Bitcoin Trades 20% Below Production Cost as Miner Profitability Drops to 14-Month Low

Author

David Pokima

Author

David PokimaVerified

Part of the Team Since

Jun 2023

About Author

David is a finance journalist and a contributor to Cryptonews.com with a keen interest in breaking comprehensive, accurate, and reliable blockchain news.

Has Also Written

Last updated: 

Bitcoin has slipped to roughly $70,000 on February 5 — about 20% below the estimated $87,000 cost to produce a single coin — as hashrate declines, shrinking margins, and a broader market rout drag miner profitability to its lowest point in 14 months.

Key Takeaways:

– Bitcoin is trading near $71,000, roughly 20% below its estimated all-in production cost — a gap that has historically only appeared during bear markets.

– The Miner Profit and Loss Sustainability Index has sunk to 21, a level not seen since November 2024, after daily mining revenue briefly touched $28 million.

– A difficulty adjustment expected on February 8 could cut mining difficulty by around 14%, throwing a lifeline to operators still running machines.

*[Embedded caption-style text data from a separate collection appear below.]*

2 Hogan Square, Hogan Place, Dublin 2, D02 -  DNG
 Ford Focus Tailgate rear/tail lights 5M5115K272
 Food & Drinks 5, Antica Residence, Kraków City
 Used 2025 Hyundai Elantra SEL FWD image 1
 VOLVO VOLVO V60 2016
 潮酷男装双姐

CryptoQuant data puts the network hashrate near 970 exahashes per second, down 12% from a peak of roughly 1.1 zettahashes per second in October — the steepest slide since China’s 2021 mining ban.

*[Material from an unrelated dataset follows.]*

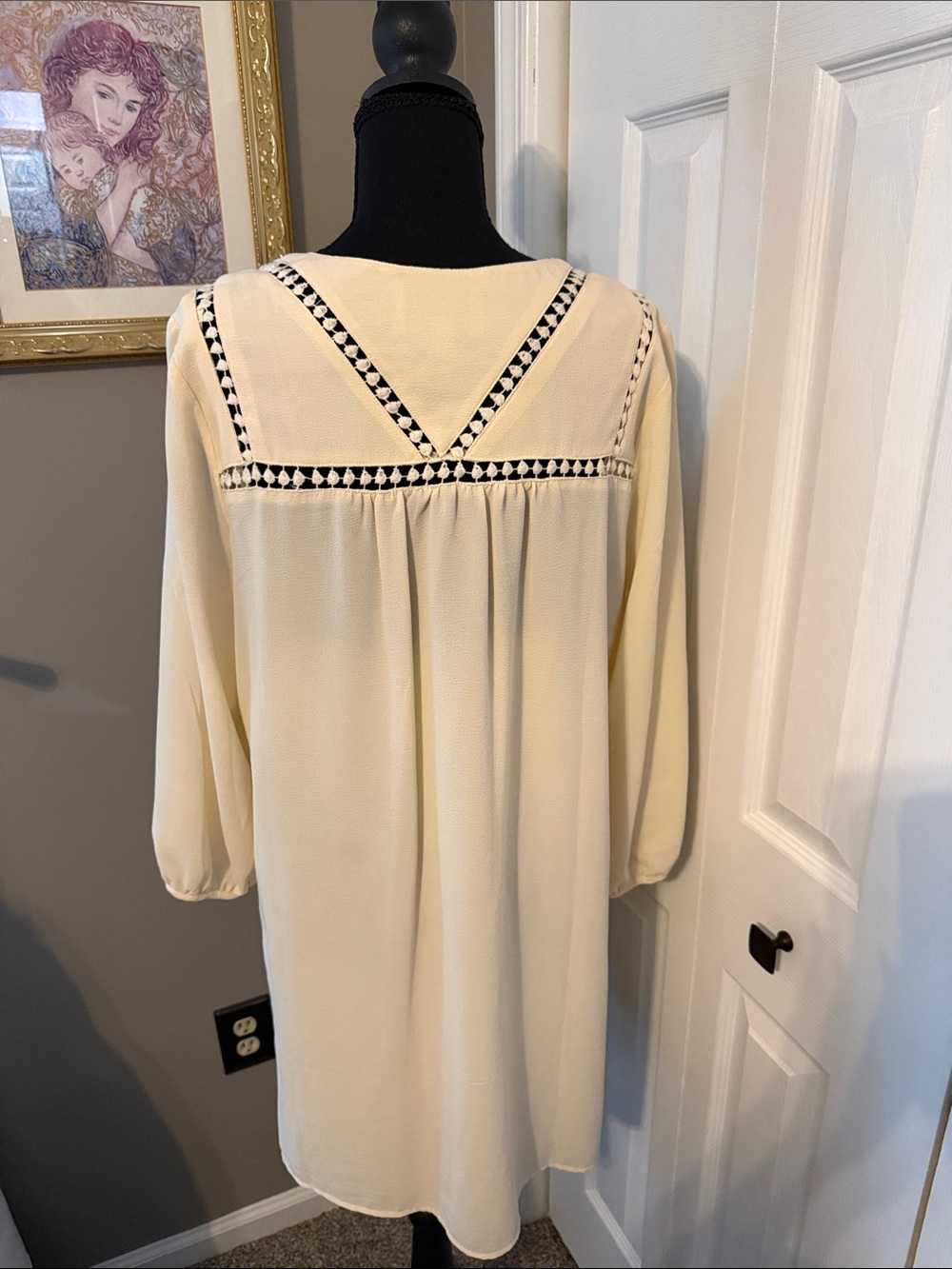 Ivory Dress - Picture 3 of 3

The downturn traces back to early October, when Bitcoin was trading near $126,000. The largest derivatives liquidation event on record kicked off a sell-off that has yet to find a floor. CryptoQuant’s Bull Score Index has since fallen to zero.

Miner Revenue Collapses as Block Times Drift Above Target

The financial strain on miners has intensified sharply in recent weeks. Daily Bitcoin mining revenue plunged from roughly $45 million to a yearly low of $28 million in late January, driven by a combination of falling prices and severe US winter storms that forced large operators to curtail production.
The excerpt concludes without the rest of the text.